En el orden militar lo más destacado fueron los combates aeronavales en el estrecho de San Carlos y otros lugares y el avance de los paracaidistas y marines británicos contra las fuerzas terrestres argentinas que guarnecían Darwin-Goose Green (posición que cayó en los últimos dios de mayo) y, finalmente, Puerto Argentino (nombre dado a Stanley después del 2 de abril), donde se libraron las últimas batallas. En esos días visitó la Argentina el papa Juan Pablo II (que días antes había estado en Gran Bretaña).
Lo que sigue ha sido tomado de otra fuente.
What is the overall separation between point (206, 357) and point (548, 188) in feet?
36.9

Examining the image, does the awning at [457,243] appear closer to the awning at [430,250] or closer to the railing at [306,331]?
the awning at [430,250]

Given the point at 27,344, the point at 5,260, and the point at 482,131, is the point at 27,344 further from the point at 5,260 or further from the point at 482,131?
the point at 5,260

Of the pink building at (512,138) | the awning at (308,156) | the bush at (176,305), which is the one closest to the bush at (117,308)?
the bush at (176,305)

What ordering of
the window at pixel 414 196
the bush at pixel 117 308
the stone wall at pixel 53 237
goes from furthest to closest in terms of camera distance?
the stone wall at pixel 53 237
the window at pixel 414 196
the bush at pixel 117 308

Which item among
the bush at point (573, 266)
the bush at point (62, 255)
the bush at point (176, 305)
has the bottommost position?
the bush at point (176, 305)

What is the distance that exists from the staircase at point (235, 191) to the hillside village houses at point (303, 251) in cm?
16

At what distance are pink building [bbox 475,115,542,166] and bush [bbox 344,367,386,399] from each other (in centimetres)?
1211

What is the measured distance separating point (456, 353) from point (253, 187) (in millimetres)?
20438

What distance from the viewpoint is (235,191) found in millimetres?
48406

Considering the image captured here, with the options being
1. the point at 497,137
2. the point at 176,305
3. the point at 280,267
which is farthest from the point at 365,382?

El 14 de junio, el general Mario B. Menéndez, gobernador militar de Malvinas -pese a las instancias de Galtieri para que continuara la lucha- firmó la rendición de sus fuerzas ante el general Jeremy Moore y la bandera del Reino Unido volvió a flamear sobre la antigua posesión colonial. En el orden mundial, la rápida, eficiente e implacable reacción militar de Inglaterra fue una demostración de fuerza que consolidó no solamente al gobierno conservador de Margaret Thatcher, sino también su alianza con los Estados Unidos y, por ende, la fortaleza de la OTAN. Anotó en sus Memorias el entonces secretario de Estado norteamericano: (...) Las Malvinas no era un problema aislado (...). Margaret Thatcher (...), casi mesiánicamente, lo tomó como una prueba de la fibra y decisión occidentales (...).
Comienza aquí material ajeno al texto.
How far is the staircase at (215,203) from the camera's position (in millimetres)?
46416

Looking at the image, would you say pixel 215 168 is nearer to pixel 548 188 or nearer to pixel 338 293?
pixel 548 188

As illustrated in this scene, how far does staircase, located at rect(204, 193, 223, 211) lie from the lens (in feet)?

Era de vital importancia que el error argentino (sic) fuera señalado claramente para impedir que una potencia mayor lo volviera a cometer en un tema de mayor trascendencia que produjera consecuencias aún más graves. Si Gran Bretaña hubiera sucumbido ante esta agresión minúscula, hubiera sido, según palabras que me diera la Sra. Thatcher, como propagar por todo el mundo una señal
de consecuencias devastadoras...".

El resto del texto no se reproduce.